Home-made guacamole is one of those things I stumbled onto recently and wondered why I hadn't been doing it this whole time. And I think it had a lot to do with the fact that I was afraid to get it wrong. Having been raised by a mayonnaise denouncing mother and a father who once told me a really gross story from his childhood about a glass of milk, creamy textures make me all kinds of nervous. Guacamole, yogurt, the inside of a deviled egg: these are all things to be eaten quickly before I start thinking too hard about what's in them. Preferably in the same bite as something crunchy so that my tongue has something to focus on.
Like so many things though, a better understanding of guacamole can make it whole lot less scary.

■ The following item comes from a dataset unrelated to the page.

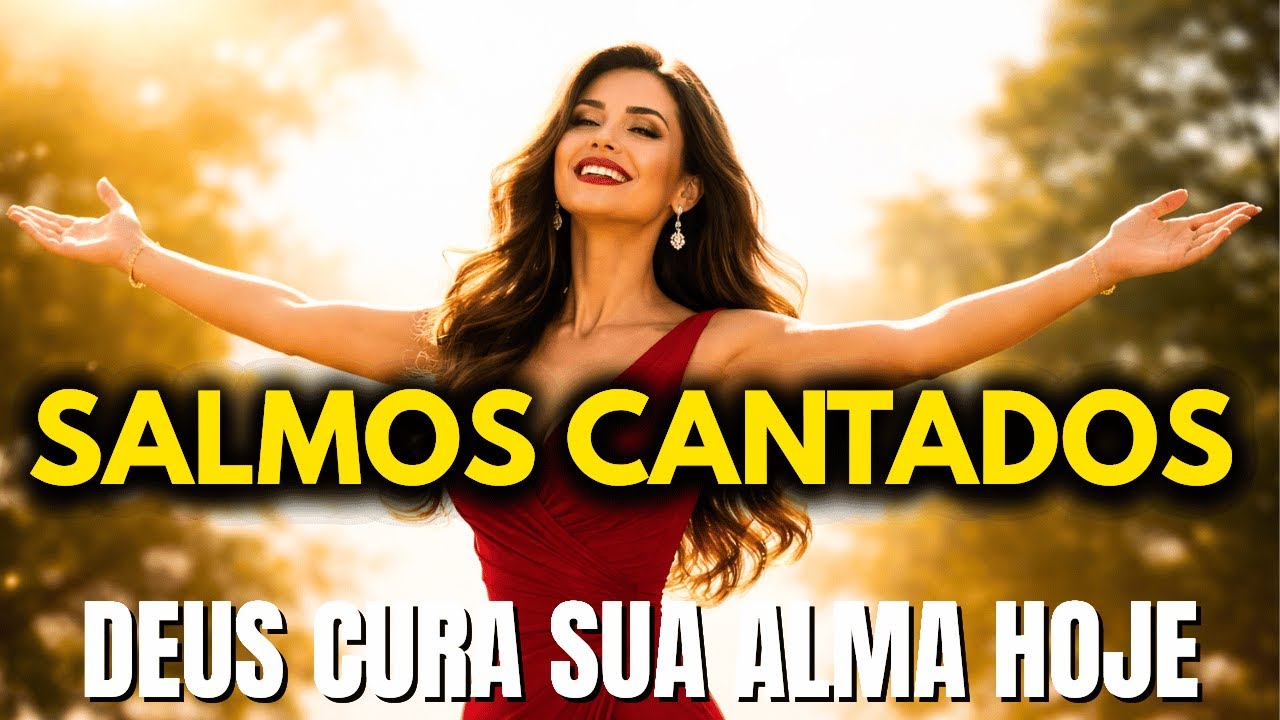SALMOS CANTADOS PARA CURAR E ACALMAR SUA ALMA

There's nothing icky in there; just vegetables! Unlike homemade cheese or- shudder- mayonnaise, which could so easily go so horribly, horribly wrong, there just isn't a way to mess up guacamole. It might end up too spicy or tangy for your personal taste, but it's never going to be unrecognizably different from what you originally had in mind. And- if you make it yourself, you know what's in there, and more importantly what's not in there. Sweeteners, preservatives, artificial coloring, the spit of an angry restaurant worker: those are the real enemies, not the slightly soapy texture of a nice, ripe, healthy avocado.

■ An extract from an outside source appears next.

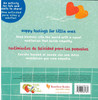 Loving Kindness: Happy Feelings for Little Ones (Spanish/English) (Board Book)-Clearance Book/Non-Returnable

You don't need a recipe to make great guacamole every time, just a small list of ingredients and a working knowledge of your own preferences for the proportions of these things. While it isn't going to keep for very long, it's easy enough to whip up in small batches that will get used right away.
- Ripe avocados (there are 2 used in the guacamole in the picture, for an idea of how much it yields)

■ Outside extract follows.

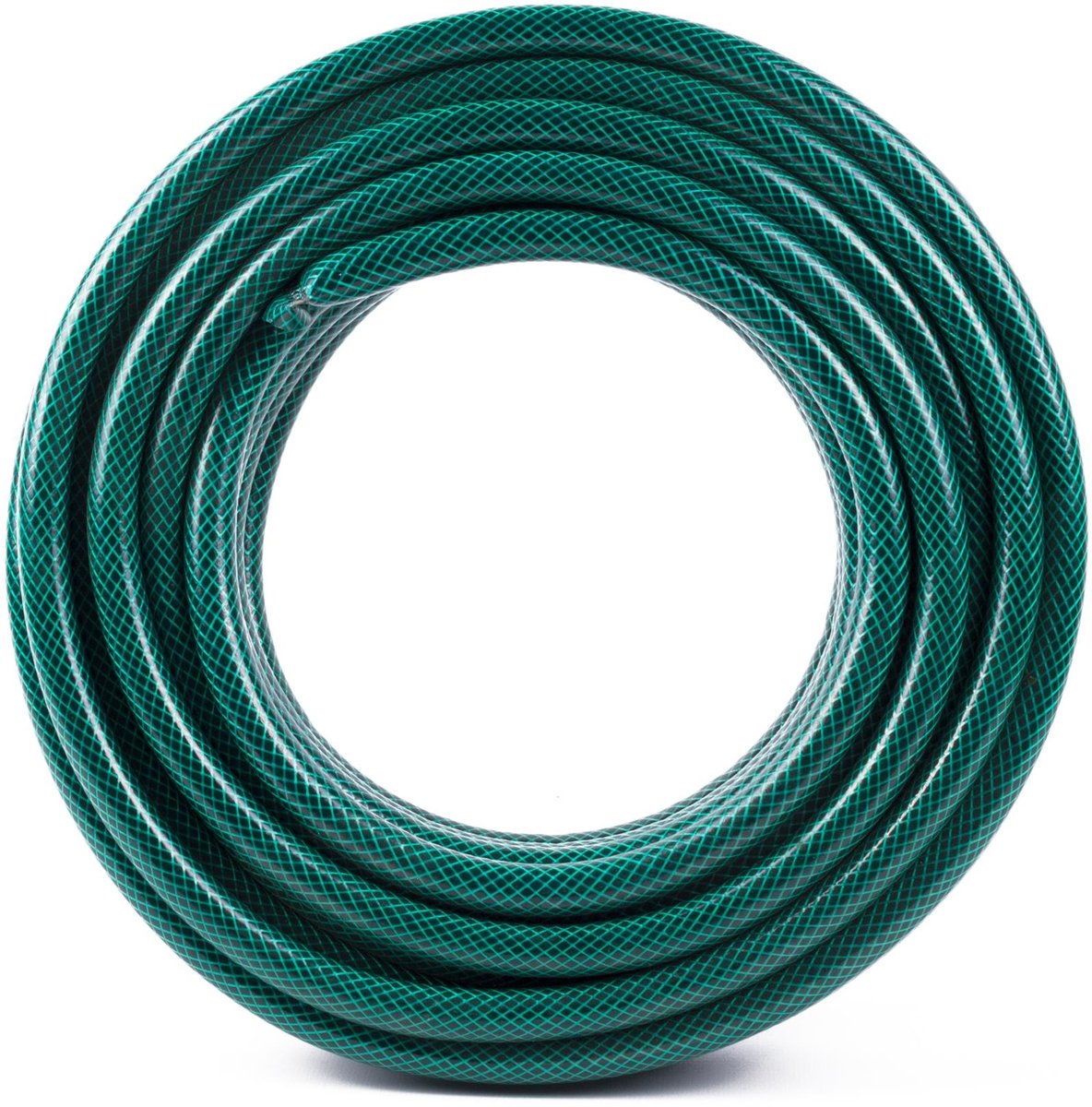 Groene tuinslang / waterslang 15 meter - Tot 8 bar - Tuinartikelen - Tuinslangen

- About 1 medium-sized red onion for every 4 avocados
- About 1 medium-sized, ripe tomato for every 2 avocados (Get a tomato that's high in acid, since that's a great complement to the texture of the avocado.)
- A clove or two of garlic, optional
- Salt, black pepper, hot pepper, and/or other spices, depending on what you're into
- Freshly squeezed lime juice
- Chop up your tomatoes, onions, and garlic, and set them aside.
- If you don't know how to chop up an avocado, here's the easiest way I've found: Cut it in half lengthwise and remove the pit. The ones in the picture were almost overripe, and so the pit came out very easily. With a less ripe avocado, the pit will still be clinging to the meat. In this case, swing a large knife into the center of the pit and twist 90 degrees, then pull the knife back out, and the avocado pit should come with it.
- Next, take your knife and make a patchwork of cuts about 1/4 inch square all the way to the skin like so:
- Now push on the part of the skin the sticks out the most in order to flip the avocado half inside out. Scrape the meat into a bowl.
- Now all that's left to do is put the rest of your ingredients in the bowl on top of the diced avocado and mix it all together for some fresh guacamole that's ready to go on chips, tacos, or even a sandwich.